(Saved entries)
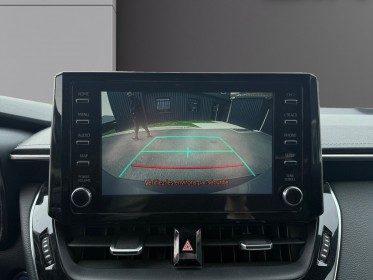 Toyota corolla hybride my21 184h collection siège cuir chauffant apple carplay caméra de recul garantie 12 mois occasion...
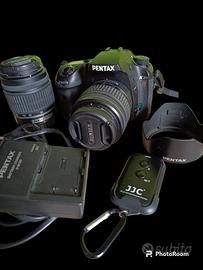 Pentax K20 + Obbiettivo 55-200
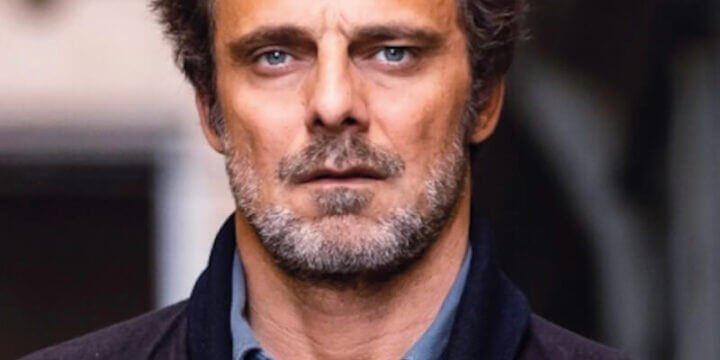 L'attore Alessandro Preziosi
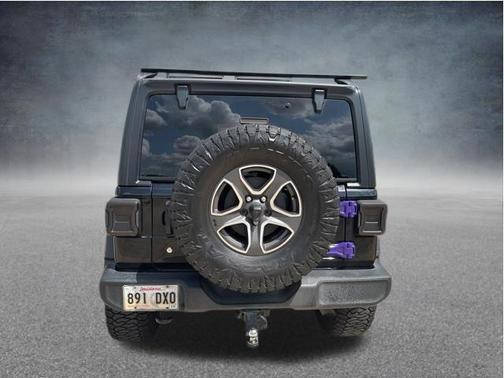 Black Clearcoat 2020 Jeep Wrangler Unlimited Sport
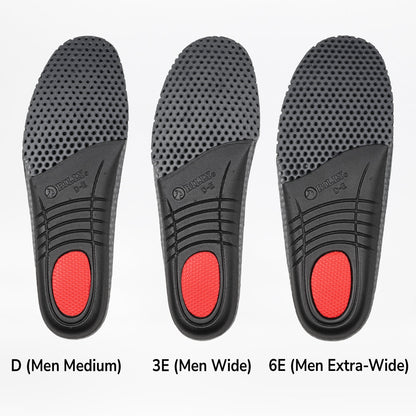 Erkek Siyah BILLY Konfor Tabanlıks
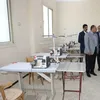 جانب من الزيارة 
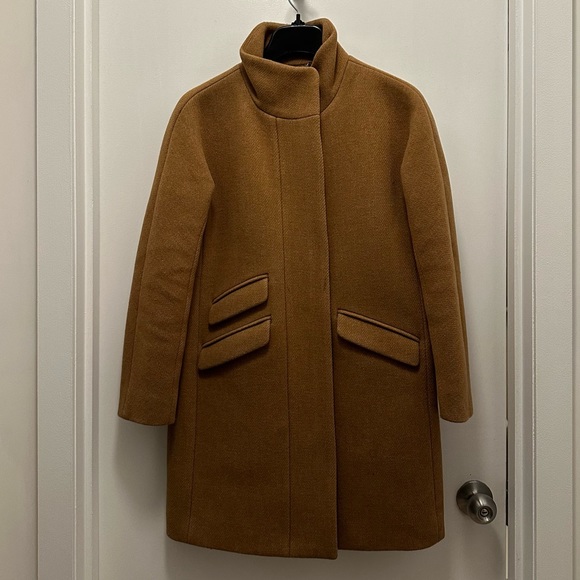 J Crew Cocoon Coat - Picture 2 of 6
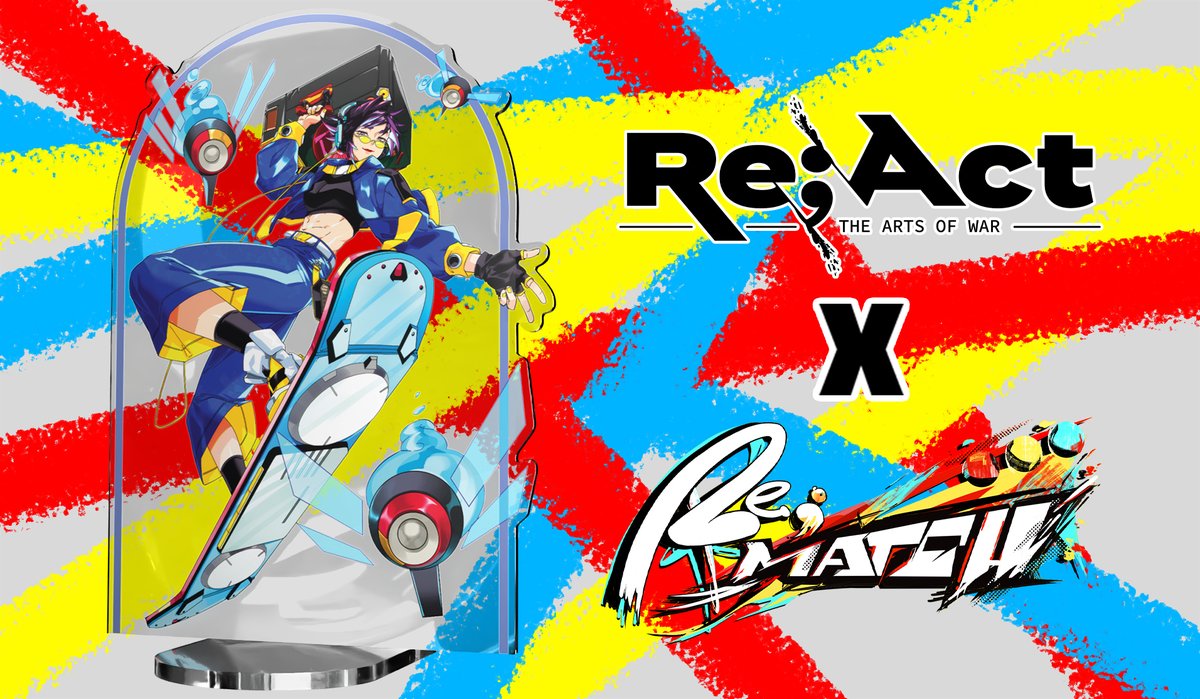 Re;MATCH LIVE on Kickstarter Now! tweet media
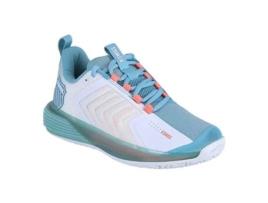 Sapatos De Mulher K-swiss Ultrashot Allcourt Azul (41.5)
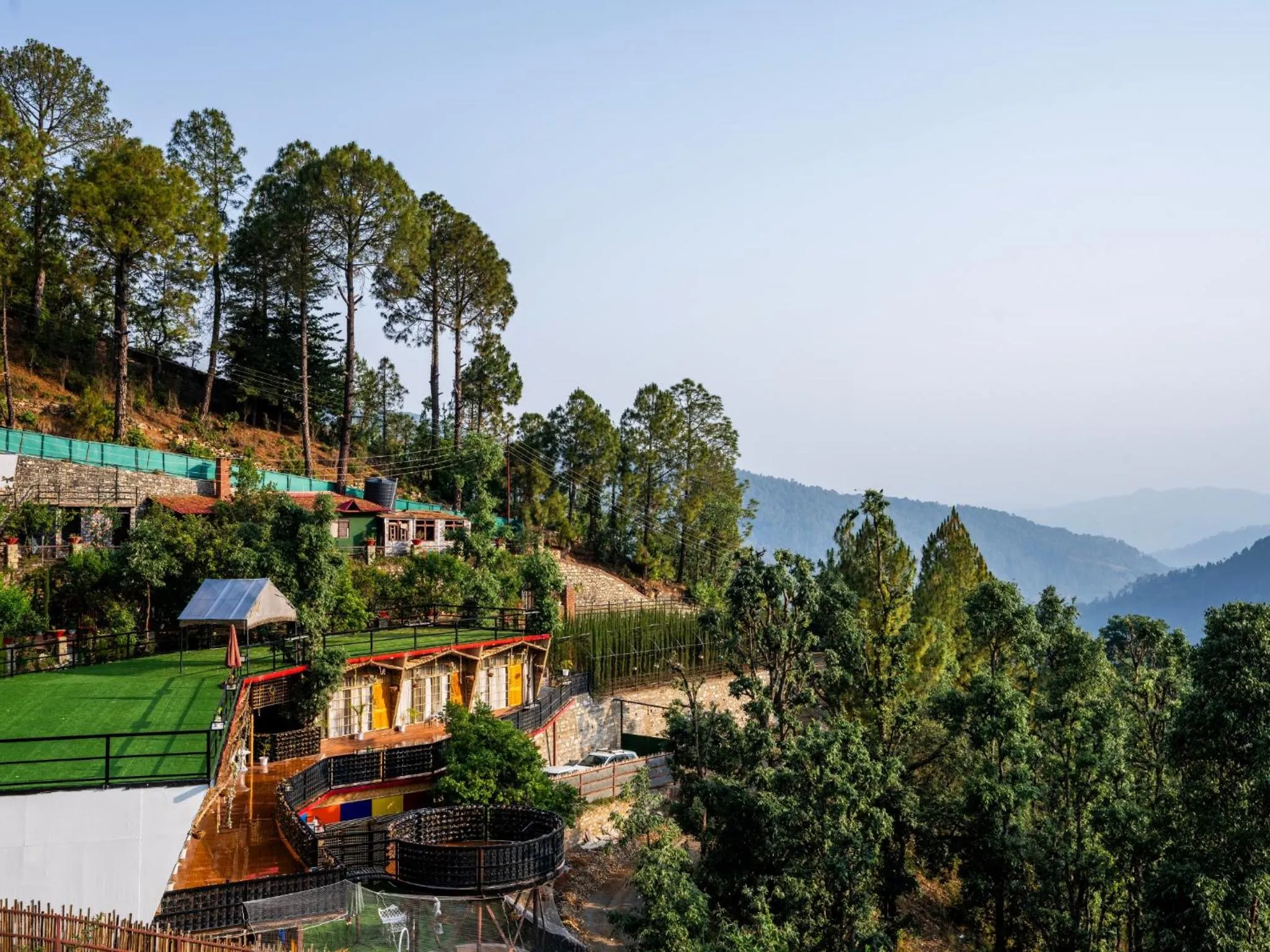 Spring in Moustache Select Mukteshwar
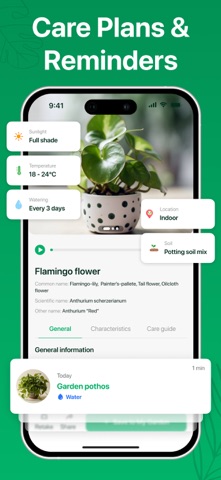 Plant ID - AI Identify Plants iPhone screenshot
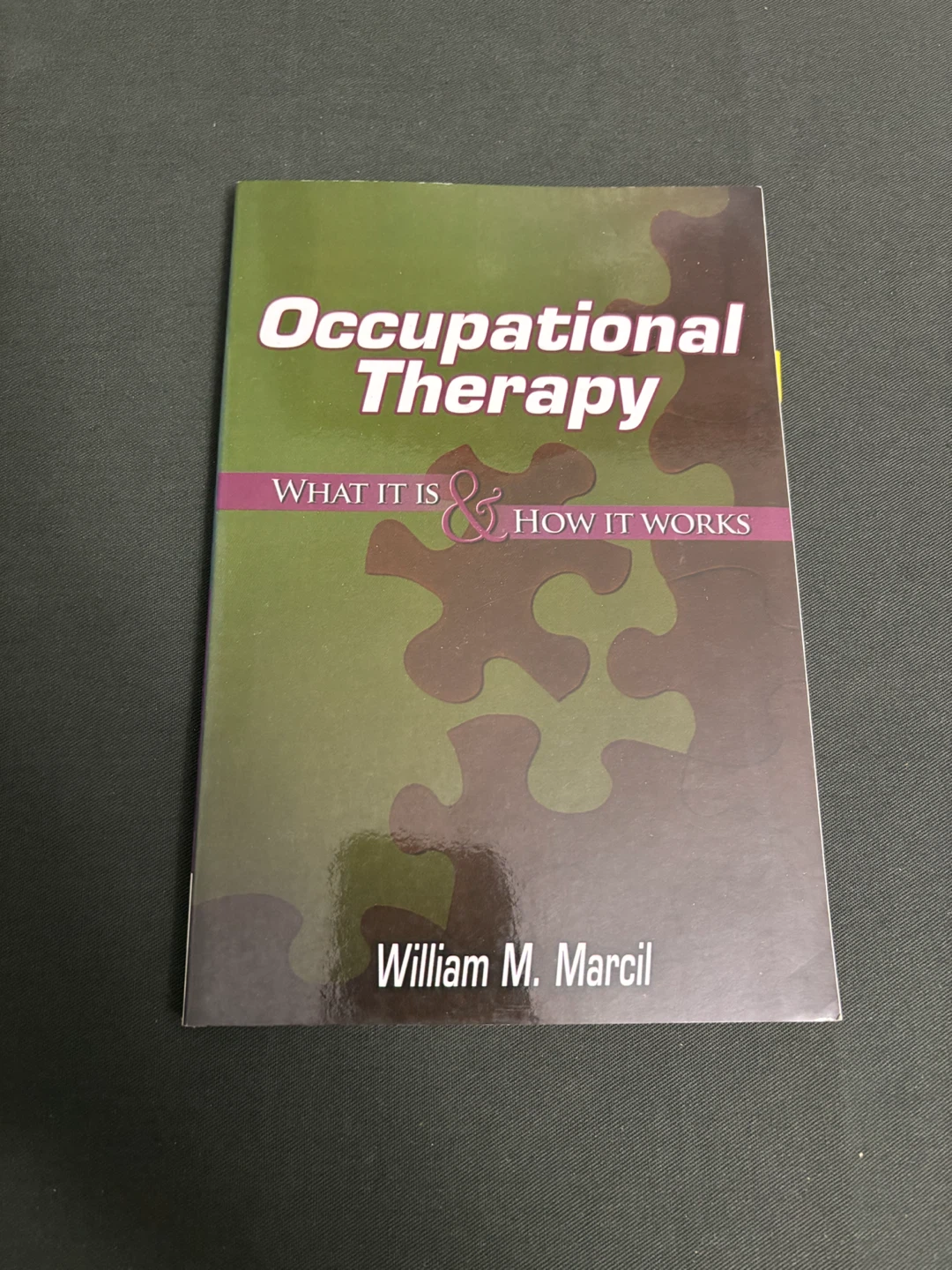 Occupational Therapy: What It Is & How It Works - W.M. Marcil
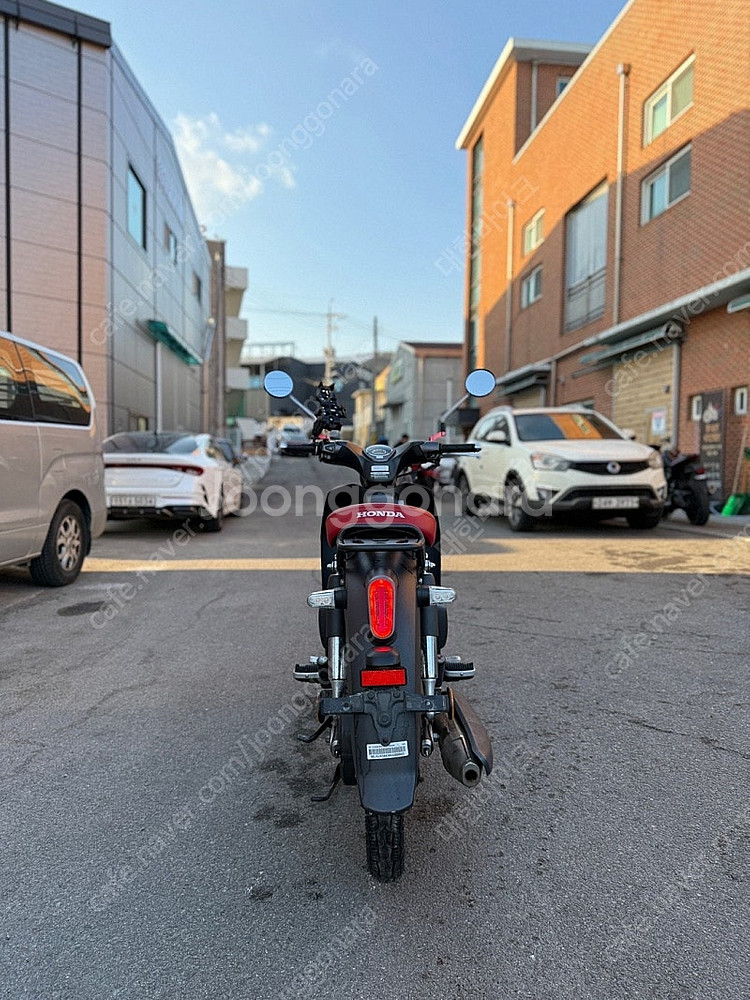 [신차보증]혼다 슈퍼커브 C125 22년식 1만KM 맷...--6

* [Task details] Repeat exactly the lines above, beginning at the one containing "Pentax K20 + Obbiettivo 55-200" and ending at the one containing "Sapatos De Mulher". Do not carry over any pictures.

* [Finished task]
 Pentax K20 + Obbiettivo 55-200
 L'attore Alessandro Preziosi
 Black Clearcoat 2020 Jeep Wrangler Unlimited Sport
 Erkek Siyah BILLY Konfor Tabanlıks
 جانب من الزيارة 
 J Crew Cocoon Coat - Picture 2 of 6
 Re;MATCH LIVE on Kickstarter Now! tweet media
 Sapatos De Mulher K-swiss Ultrashot Allcourt Azul (41.5)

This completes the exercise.